**STUDY MATERIAL**

-=-=-

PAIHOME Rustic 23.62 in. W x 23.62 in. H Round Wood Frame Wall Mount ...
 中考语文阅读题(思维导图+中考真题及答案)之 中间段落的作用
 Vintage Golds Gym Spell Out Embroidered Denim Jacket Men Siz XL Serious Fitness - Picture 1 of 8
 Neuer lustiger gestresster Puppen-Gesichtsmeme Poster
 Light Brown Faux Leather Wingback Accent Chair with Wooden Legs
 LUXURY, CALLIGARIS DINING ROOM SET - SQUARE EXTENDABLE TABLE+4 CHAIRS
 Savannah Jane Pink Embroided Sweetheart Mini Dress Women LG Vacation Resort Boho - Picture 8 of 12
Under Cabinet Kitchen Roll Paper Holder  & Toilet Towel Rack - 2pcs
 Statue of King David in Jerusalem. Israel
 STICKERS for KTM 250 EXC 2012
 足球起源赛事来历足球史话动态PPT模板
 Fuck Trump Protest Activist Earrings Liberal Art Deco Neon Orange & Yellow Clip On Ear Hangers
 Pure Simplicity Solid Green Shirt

-=-=-

**HOW TO COMPLETE THIS TASK**
Copy each line exactly, from the line containing "中考语文阅读题(思维导图+中考真题及答案)之 中间段落的作用" down to the last line of the material, and no other lines.

**ANSWER FOR THE TASK**
 中考语文阅读题(思维导图+中考真题及答案)之 中间段落的作用
 Vintage Golds Gym Spell Out Embroidered Denim Jacket Men Siz XL Serious Fitness - Picture 1 of 8
 Neuer lustiger gestresster Puppen-Gesichtsmeme Poster
 Light Brown Faux Leather Wingback Accent Chair with Wooden Legs
 LUXURY, CALLIGARIS DINING ROOM SET - SQUARE EXTENDABLE TABLE+4 CHAIRS
 Savannah Jane Pink Embroided Sweetheart Mini Dress Women LG Vacation Resort Boho - Picture 8 of 12
Under Cabinet Kitchen Roll Paper Holder  & Toilet Towel Rack - 2pcs
 Statue of King David in Jerusalem. Israel
 STICKERS for KTM 250 EXC 2012
 足球起源赛事来历足球史话动态PPT模板
 Fuck Trump Protest Activist Earrings Liberal Art Deco Neon Orange & Yellow Clip On Ear Hangers
 Pure Simplicity Solid Green Shirt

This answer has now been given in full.